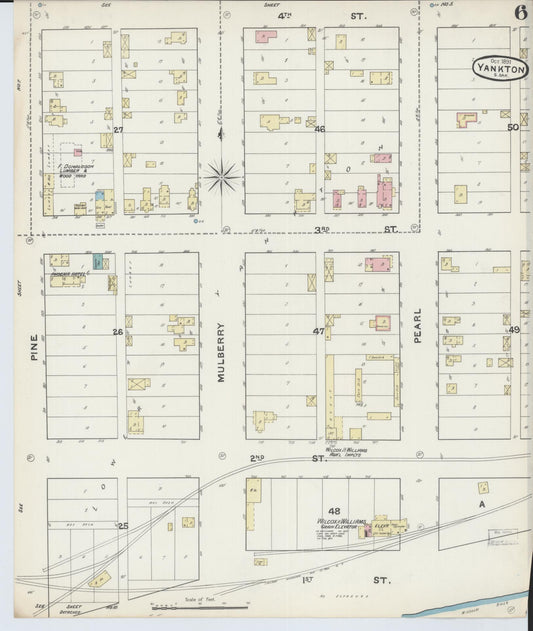 Sanborn Fire Insurance Map from Yankton, Yankton County, South Dakota (1891), Sheet #0006 - Historic Sanborn Fire Insurance Map Print, vintage old map wall art, antique decor, genealogy gift, South Dakota South Dakota map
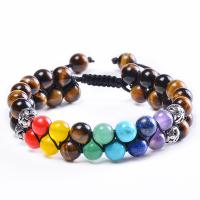 Gemstone Bracelets, with Knot Cord & Brass, handmade, Double Layer & different materials for choice & Unisex, 16mm, Length:Approx 7.5-11.8 Inch, Sold By PC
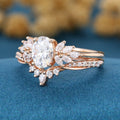 Oval cut 1.0 Carat Lab-Grown Diamond Wedding Bridal set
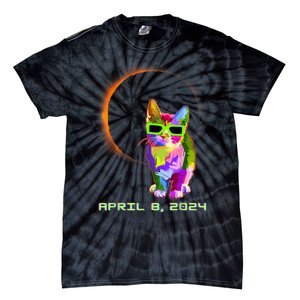 2024 Solar Eclipse Cat Wearing Solar Eclipse Glasses Tie-Dye T-Shirt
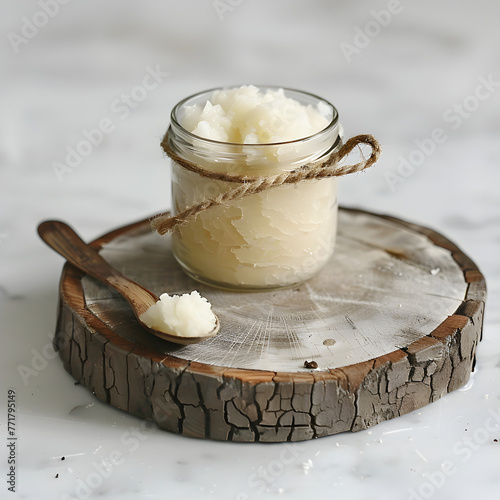 Tallow in a glass jar 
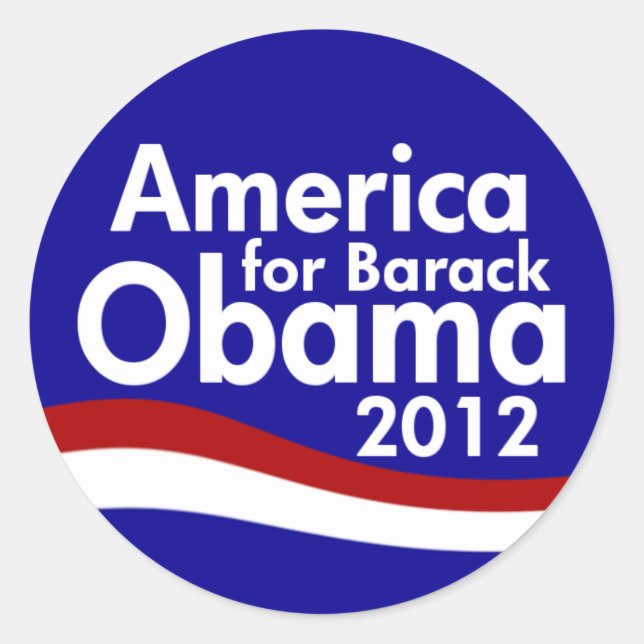Obama 2012 classic round sticker (Front)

- - - - - - -

[Instructions for the task]:
All lines from the one containing "Gemstone Bracelets, with" through the final line of the entries above must be restated word for word, pictures excluded.

[Written answer]:
 Gemstone Bracelets, with Knot Cord & Brass, handmade, Double Layer & different materials for choice & Unisex, 16mm, Length:Approx 7.5-11.8 Inch, Sold By PC
 Oval cut 1.0 Carat Lab-Grown Diamond Wedding Bridal set
 2024 Solar Eclipse Cat Wearing Solar Eclipse Glasses Tie-Dye T-Shirt
 Tallow in a glass jar 
Obama 2012 classic round sticker (Front)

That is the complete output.